Anyways. Now you can remove any loose or completely gone cloth like that loose band running up the deck, though carefully. You’ll wind up inlaying more cloth - I think it’s a better method than trying to stick it back down - I have had a couple of failures with that. You’ll find some small craters where the foam stayed with the cloth - surprise! this is another place to put a dab of Gorilla Glue, to replace the teensy bits of missing foam. It’ll be a little yellower, but acceptable. Far easier to shape and sand than a resin-based filler, behaves about the same as the foam so you don’t have to sand one little bit of hard stuff with lots of soft stuff all around it just waiting to catch a tool edge.

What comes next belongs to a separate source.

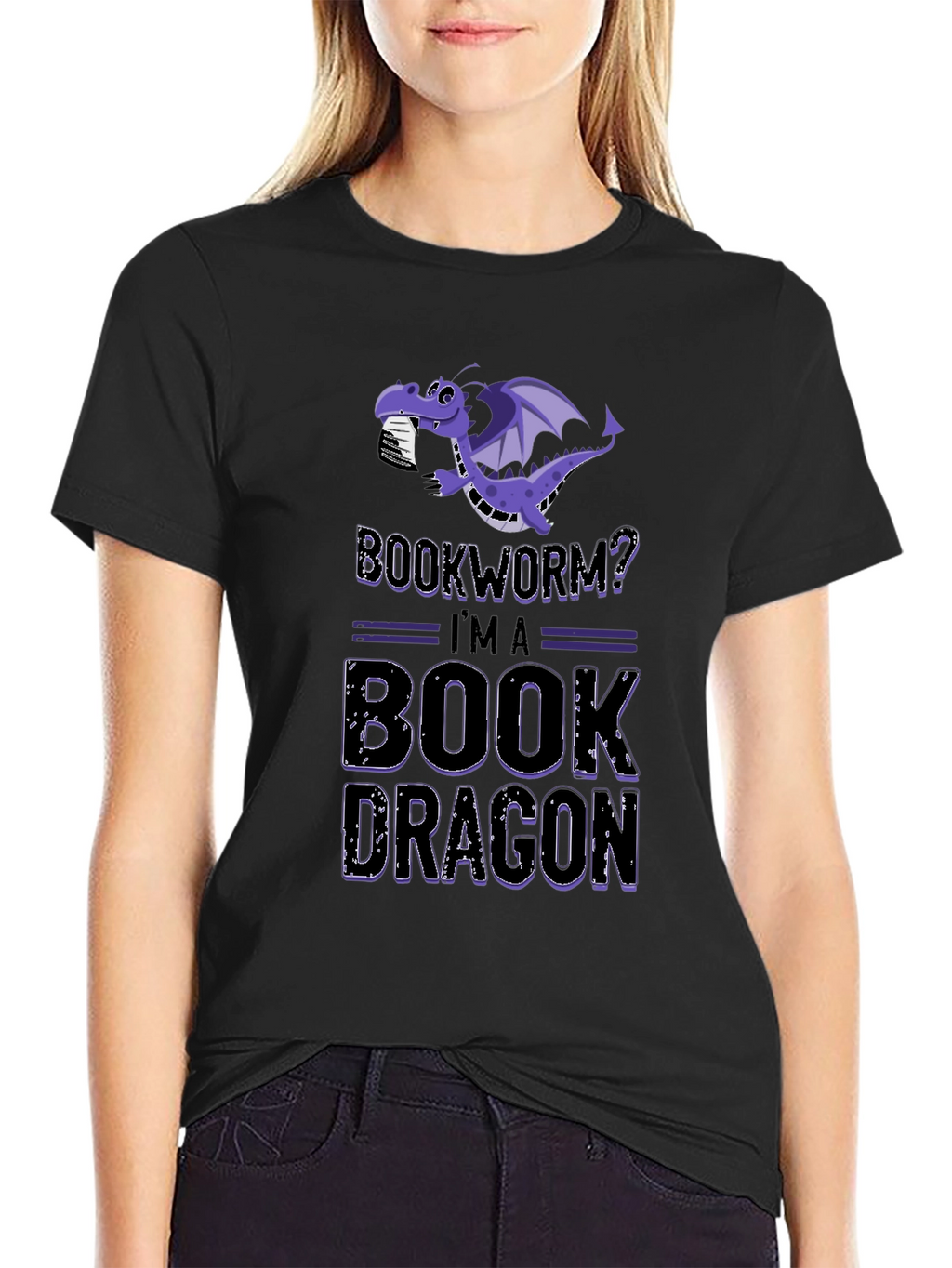 Book Dragon T-Shirt: Purple Fantasy Reader Tee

At this point, I would probably take on the stringer repair, just the way you describe. Then, the fin box replacement, bed the fin box in cloth and resin maybe, or maybe do the glass-alongside-the-stringer thing; if you remove the box, rout it a skosh deep, do the slots and the cloth you could perhaps fold cloth over to under where the fin box will go, stick in the box with a little extra resin and save yourself some steps plus reinforce the whole thing nicely. I can sketch that if you like*. You don’t really have top rout the fin box deep, now that I think of it, just set it in to the original depth minus whatever the cloth underneath takes up, say 1/8", that’s fine, you just have to sand it a little more before putting more cloth around the board.
Then, inlay cloth where it’s missing on deck, then wrap the beast ( you can get away with one layer on the bottom, two on the deck) , then hotcoat, sand and gloss and you’re done.
yeah, right, like it’s that easy. Still, it’s a better setup and less work than carving out foam to stick in a couple of pieces of wood, using glue or resin and goo to hopefully hold 'em and going through the same process otherwise.
*- the sketches/drawings: I just whack something together with Windows Paint, save it as a JPG format graphic to save Mike’s bandwidth rather than saving as the rather-large-file-size BMP format Paint uses by default and then use the really cool Upload attachment setup this forum now has. Vastly easier than the old way, which was to do the doodle, upload it to my site via FTP and then stick a link to it in the message. That was kind of a hassle. I think all operating systems have some sort of rudimentary drawing/graphics setup in 'em someplace.
I could draw something by hand and add text and details with a graphics program after scanning it, but after playing with Paint from Windows 1.04 to now I’m comfortable with it. Plus, for me, scanning adds some extra steps I really don’t want to deal with.